[Opening Given entries section]
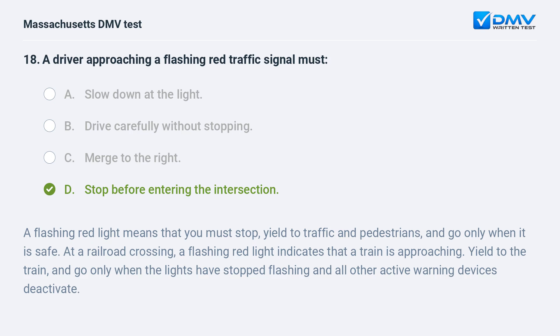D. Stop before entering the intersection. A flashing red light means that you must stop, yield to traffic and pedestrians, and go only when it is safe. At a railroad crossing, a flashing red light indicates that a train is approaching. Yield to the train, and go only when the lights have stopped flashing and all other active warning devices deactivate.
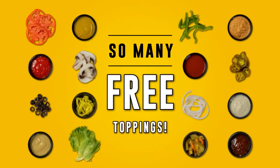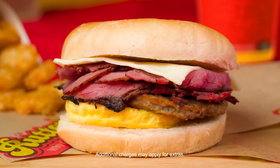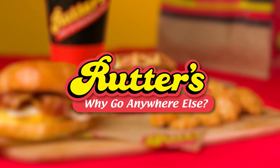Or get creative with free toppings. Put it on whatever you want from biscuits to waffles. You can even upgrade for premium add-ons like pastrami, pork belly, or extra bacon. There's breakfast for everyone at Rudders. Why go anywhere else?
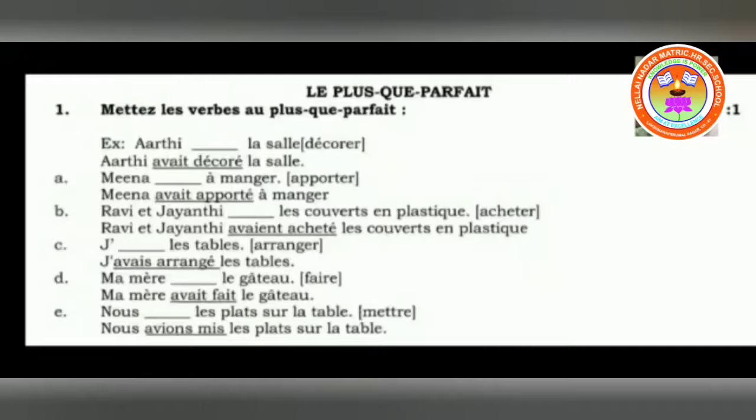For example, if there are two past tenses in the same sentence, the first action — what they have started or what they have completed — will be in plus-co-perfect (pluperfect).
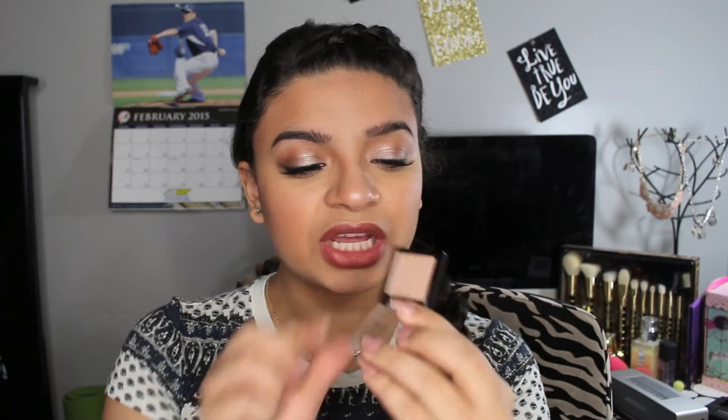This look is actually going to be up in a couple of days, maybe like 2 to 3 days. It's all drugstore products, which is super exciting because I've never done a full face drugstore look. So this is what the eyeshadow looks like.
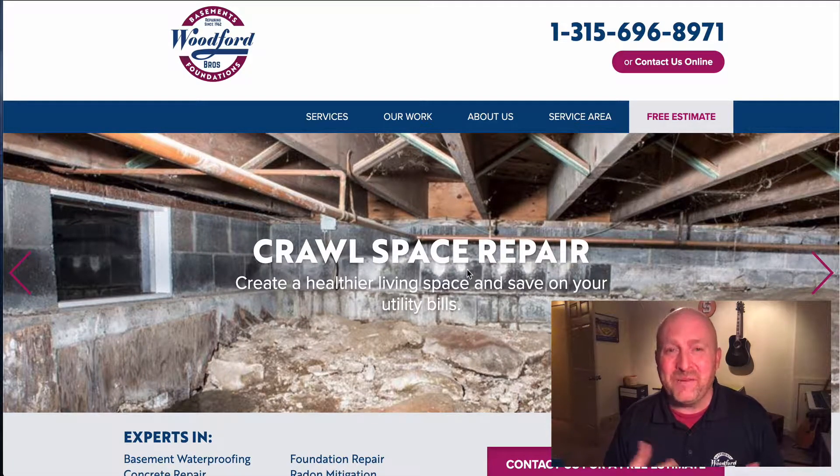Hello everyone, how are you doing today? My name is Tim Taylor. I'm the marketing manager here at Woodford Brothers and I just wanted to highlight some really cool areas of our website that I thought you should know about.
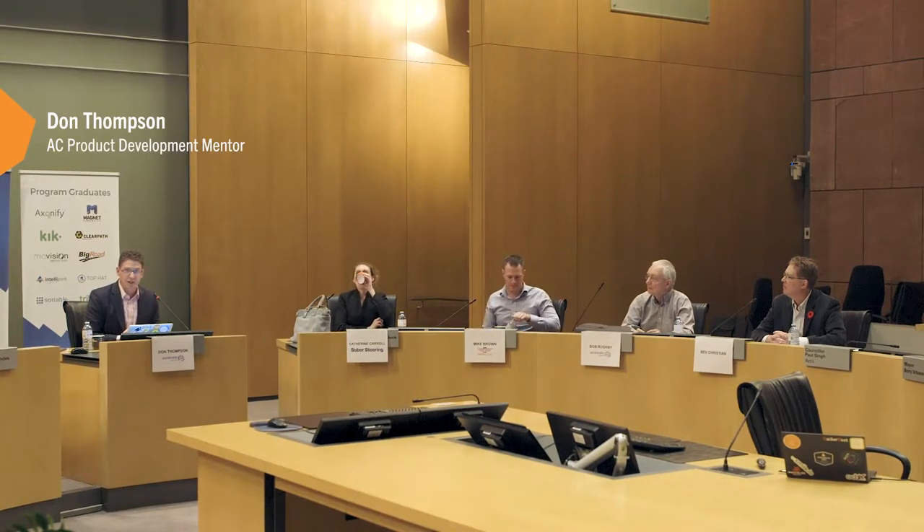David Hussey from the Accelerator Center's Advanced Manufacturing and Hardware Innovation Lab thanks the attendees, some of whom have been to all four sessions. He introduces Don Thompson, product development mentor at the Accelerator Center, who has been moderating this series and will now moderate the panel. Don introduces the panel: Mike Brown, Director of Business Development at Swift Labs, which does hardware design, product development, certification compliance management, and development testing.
[Closing Given entries section]
== The problem ==
Return the complete material exactly as given, excluding images.

== Answer to the exercise ==
D. Stop before entering the intersection. A flashing red light means that you must stop, yield to traffic and pedestrians, and go only when it is safe. At a railroad crossing, a flashing red light indicates that a train is approaching. Yield to the train, and go only when the lights have stopped flashing and all other active warning devices deactivate.
Or get creative with free toppings. Put it on whatever you want from biscuits to waffles. You can even upgrade for premium add-ons like pastrami, pork belly, or extra bacon. There's breakfast for everyone at Rudders. Why go anywhere else?
For example, if there are two past tenses in the same sentence, the first action — what they have started or what they have completed — will be in plus-co-perfect (pluperfect).
This look is actually going to be up in a couple of days, maybe like 2 to 3 days. It's all drugstore products, which is super exciting because I've never done a full face drugstore look. So this is what the eyeshadow looks like.
Hello everyone, how are you doing today? My name is Tim Taylor. I'm the marketing manager here at Woodford Brothers and I just wanted to highlight some really cool areas of our website that I thought you should know about.
David Hussey from the Accelerator Center's Advanced Manufacturing and Hardware Innovation Lab thanks the attendees, some of whom have been to all four sessions. He introduces Don Thompson, product development mentor at the Accelerator Center, who has been moderating this series and will now moderate the panel. Don introduces the panel: Mike Brown, Director of Business Development at Swift Labs, which does hardware design, product development, certification compliance management, and development testing.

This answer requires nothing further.